Carine Kanimba, fille adoptive de l’opposant rwandais emprisonné Paul Rusesabagina, a appelé mercredi le président Paul Kagame à libérer son père, jugeant que son sort était entre ses mains, lors d’une conférence de presse à Bruxelles.
« Paul Kagame est l’homme qui détient mon père, c’est la seule personne qui peut prendre la décision de le libérer. Qu’il cherche dans son coeur cet espace pour libérer notre père », a lancé Mme Kanimba, en exprimant de nouveau son inquiétude sur la santé de cet homme qui est aussi citoyen belge et aura 68 ans en juin.
Selon ses proches, Paul Rusesabagina, dont la condamnation à 25 ans de prison pour « terrorisme » a été confirmée en appel le 4 avril, a été victime il y a quelques semaines en prison d’un accident vasculaire cérébral (AVC) sur lequel aucun diagnostic fiable n’a été posé.
De plus il souffre de fortes douleurs à un bras laissant craindre « un arrêt cardiaque », d’après sa fille. « Il a été vu à l’hôpital par un cardiologue et un oncologue qui ont évoqué un problème psychologique et en aucun cas physique », a dénoncé Carine Kanimba, pour qui les séquelles constatées par plusieurs visiteurs – une lèvre déformée et une moitié de visage paralysée – ne devraient pourtant susciter aucun doute sur l’AVC.
Fervent opposant de Paul Kagame depuis plus de 20 ans, Paul Rusesabagina a été rendu célèbre par le film « Hôtel Rwanda » sorti en 2004. Ce long métrage raconte comment ce Hutu modéré qui dirigeait l’Hôtel Mille Collines de Kigali a sauvé plus de 1.000 personnes durant le génocide de 1994, au cours duquel 800.000 personnes ont été tuées, selon l’ONU, principalement issues de la minorité tutsi.

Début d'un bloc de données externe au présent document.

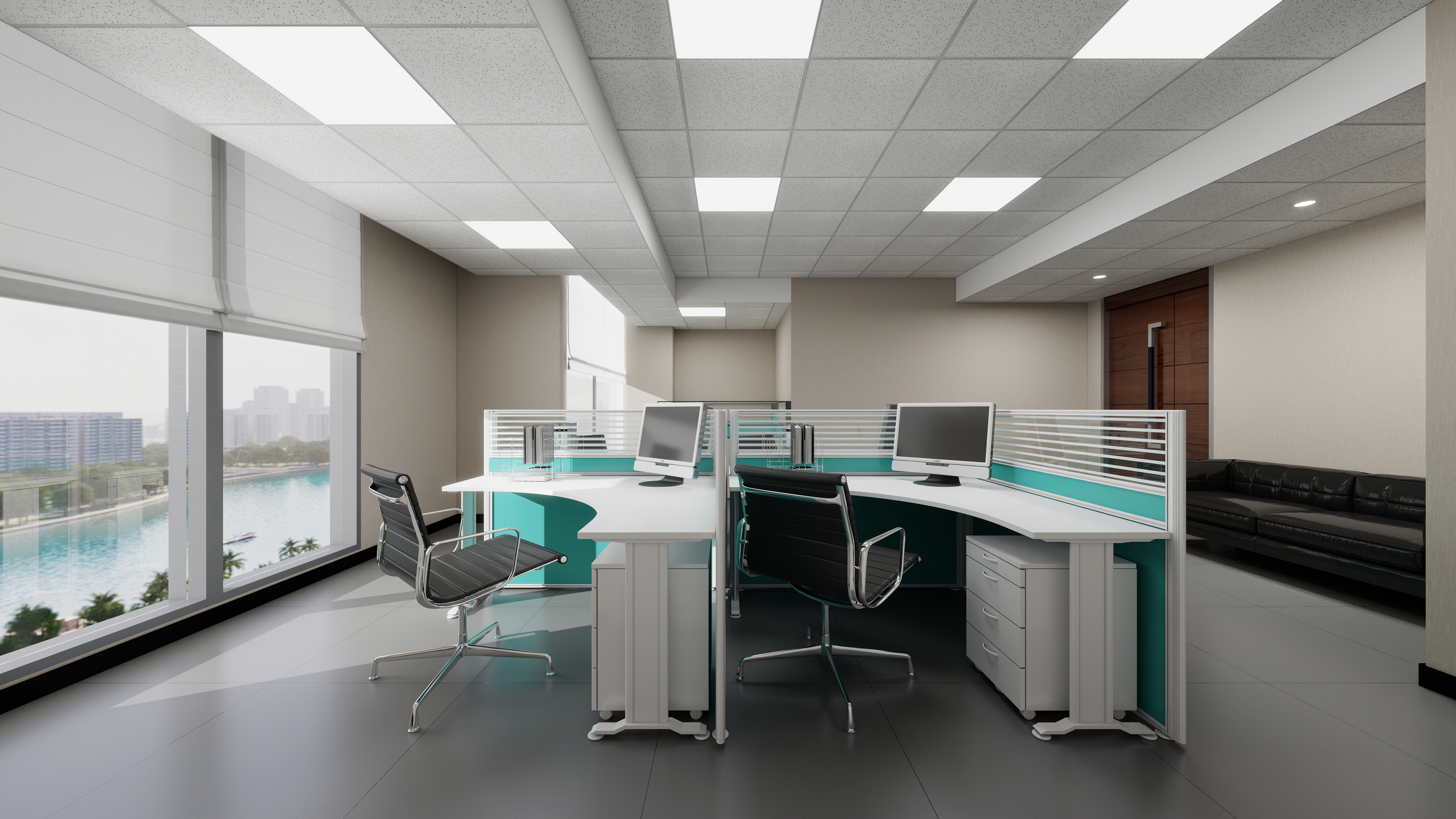 神马云在线-937.55m办公方案一层办公室装修效果图第1张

M. Rusesabagina vivait depuis 1996 en exil aux Etats-Unis et en Belgique, avant d’être arrêté à Kigali en août 2020 dans des circonstances troubles, à la descente d’un avion qu’il pensait à destination du Burundi. Ses proches ont dénoncé « un enlèvement ».
A l’issue d’un procès en 2021 que la Belgique a considéré ni « juste » ni « équitable », il a été condamné à 25 ans de prison pour « avoir fondé et appartenir » au Front de libération nationale (FLN), groupe armé accusé d’avoir mené des attaques meurtrières au Rwanda en 2018 et 2019. Mercredi son avocat belge Vincent Lurquin a de nouveau qualifié ce procès de « mascarade ».
« Le Rwanda de Paul Kagame est malheureusement connu pour la persécution des opposants politiques », a souligné pour sa part la députée chrétienne-démocrate flamande Els Van Hoof, qui préside la commission des Relations extérieures à la Chambre.
Tous s’exprimaient devant la presse à Bruxelles en plein lancement d’une campagne internationale baptisée « Free Rusesabagina », qui a été relayée aux Etats-Unis par des stars hollywoodiennes posant en tee-shirt à l’effigie de l’opposant.